Another piece of CCTV footage released by Pinellas County Sheriff's Office shows Stinson walking around the Largo area alone at night and climbing around a children’s park before staggering into the reception area of a nearby hotel and collapsing in front of the reception desk. After viewing the footage police searched the area Stinson had been in that night and discovered Jordan’s green backpack in a dumpster on 1400 East Bay Drive.
When confronted with the evidence, Stinson confessed that on 31 August she had hit her 2-year-old son in the face after he injured his leg falling from his bed and began howling in pain. She explained that she was frustrated by the child’s crying, and admitted that she struck him in the face, causing him to hit his head off a wall. The injury was so forceful that it caused the toddler to seizure.
Instead of seeking medical help for the child and without knowing if he was alive or dead, Charisse Stinson dumped Jordan’s body in a nearby wooded area behind the sports complex and reported him missing to police. She fabricated a kidnapping and continued to lie through the three-day-long search for the missing child.
Jordan Belliveau had spent over a year in the foster system before being released back into the custody of his biological mother. In a news segment aired September 12, 2018 ABC action News reported that Stinson was afraid of getting evicted from her apartment, the consequences of which, she feared, would mean Jordan would move in with his father who would likely restrict visitation as the two had a turbulent relationship and arguments often resulted in domestic violence. After the murder, the DCF said in a statement to the public that removing the child may not necessarily have been the ultimate conclusion.
A deeper look into the life of Chariess Stinson revealed that she had actively evaded case workers in the weeks leading up to her son’s murder. Reports state that she had told a caseworker through tears that no matter how hard she tried, it wasn’t enough, “everything is going downhill” she said. Despite incident reports stating that neither parent was cooperative, and caseworkers unable to make contact for upwards of a month, the Florida Department of Children and Families (DCF) claims that they could not have predicted Stinson would murder her own child. Those following the case believe Jordan Belliveau was failed by the DCF and foster system and argue there were red flags all along.

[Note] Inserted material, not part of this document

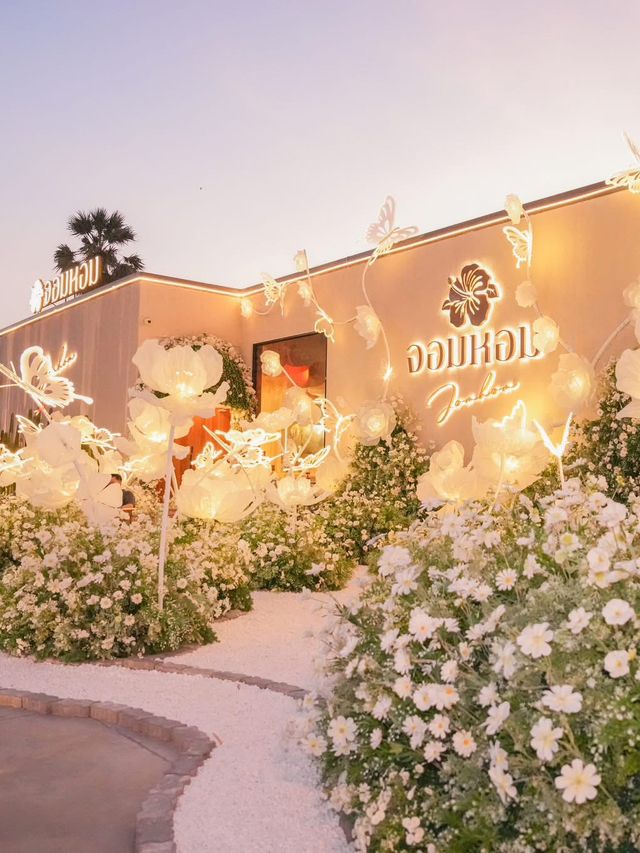 📍 Jomhom Cafe & Music 🦋🌼🌿☕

Last month Charisse Stinson, now 23-years-old, entered a disposition agreement shifting her initial first-degree murder charge to a second-degree charge on top of charges for filing a false report. She was sentenced to 50 years in prison for her crimes, two of which she has already served.
“For a while I was so angry and bitter before I came to jail and now, I'm free mentally. I may not be free physically, but I want my mom to know I am free mentally. I'm not held in bondage anymore and that is the greatest gift that God has given me, and I thank my son for that” she told the court.